Хочется, чтобы общество следило за серьезными темами, чтобы люди читали расследования. Да шут с ним, с расследованиями, - когда я вел научный проект в карельском издании, его же никто не читал. А он так-то хороший был.
Людей интересует то, что происходит в соседнем подъезде. Я не говорю за всех. Среди тех, кто поддержал меня в эти дни, огромное количество людей, которые, я полагаю, мои читатели. Удручает, что их немного, задушено гражданское общество.
Когда в Европе выходит текст о том, что премьер-министр за казенный счет ездит в магазин за покупками, и это вызывает шквал возмущения, ты понимаешь, что там есть запрос на это. Ну и сравним с тем, что происходит в России.
- После отъезда вы написали, что даже вне России не чувствуете себя в безопасности. Почему?
- Я боюсь ядерной войны.
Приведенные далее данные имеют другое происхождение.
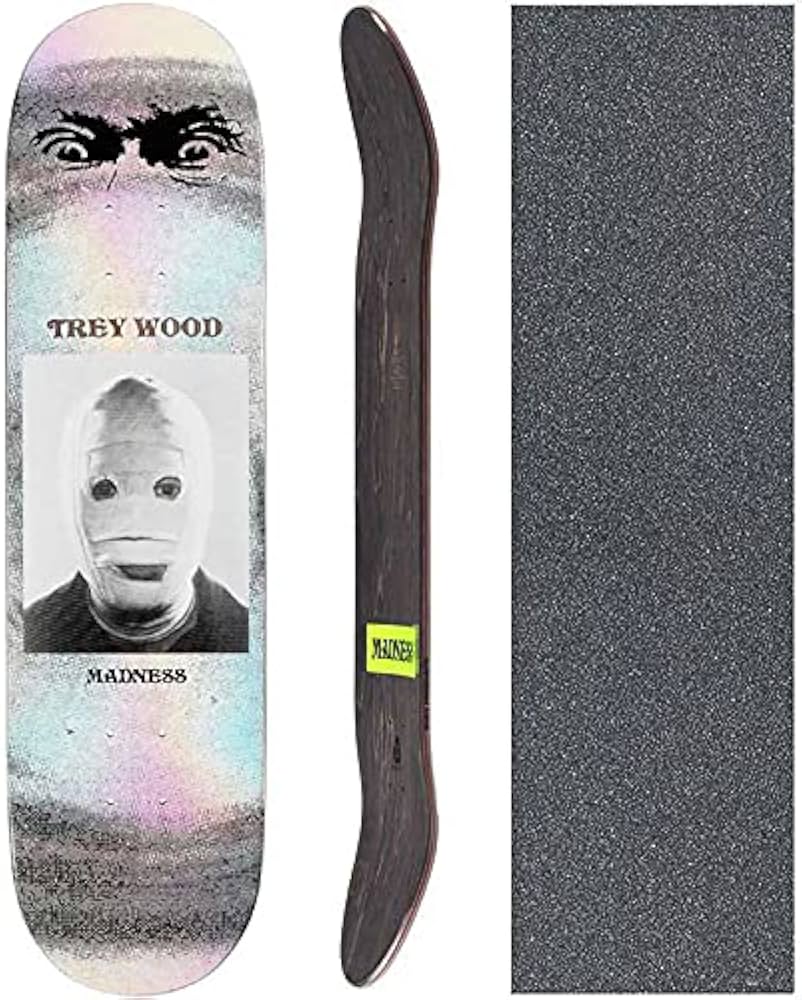 Amazon | MADNESS マッドネス スケボー デッキ NEW PRO BANDAGE R7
Восемь месяцев назад никто не мог представить, что российские войска будут находиться на территории Украины - по крайней мере в таком количестве и в таком качестве. Что отхапают еще территорий, что Путин будет говорить про ядерное оружие.
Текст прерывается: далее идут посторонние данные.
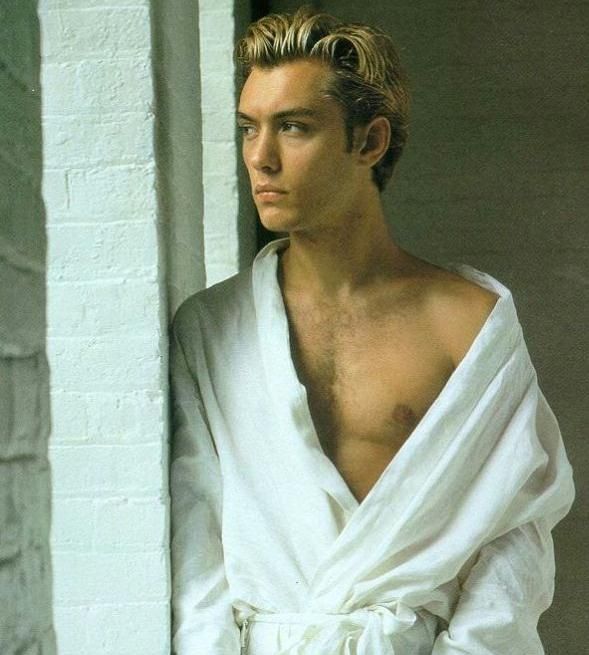 don-dake:Jude Law | by Lord Snowdon (c.1996)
- В вашем Facebook* есть пост с извинениями перед теми, кто поддерживает военные действия в Украине. За что вы извинялись?
- После выступления Путина в Совфеде 30 сентября [когда главы регионов Восточной Украины подписывали договоры о присоединении этих территорий к России] я написал пост - там была фраза, за которую я потом решил извиниться. [Георгий Чентемиров назвал неприятным словом людей, которые верят словам Владимира Путина.] Потом мне в голову пришла мысль, что вообще-то среди людей, доверяющих Путину, есть те, кто поддерживал и поддерживает меня.
Мне написала коллега: “Посмотри, ведь никто из приличных людей таким языком вражды не разговаривает - ни [Юрий] Дудь, ни [Дмитрий] Муратов. Это люди, которым есть что сказать, но они не позволяют себе таких выражений”. Тут я понял, что это действительно язык вражды, как у Соловьёва, который в эфирах слюной брызжет.
Мне было неловко, что я оскорбил людей. Но в посте с извинениями я не отступаю от своих позиций в части отношения к российской политике.
- При каких условиях вы вернулись бы в страну?
- Я хотел бы вернуться в Россию, в которой смог бы работать, чувствовать себя в безопасности, знать, что мои дети в безопасности. В Россию, в которой не будет ура-патриотических лозунгов. Где меня не будут учить, как правильно любить родину.
Меня могут упрекнуть, мол, такую Россию нужно строить, возможно, находясь в ней. Но я не могу согласиться с этим, потому что сейчас в России я могу построить только курятник в исправительной колонии №9 в Петрозаводске.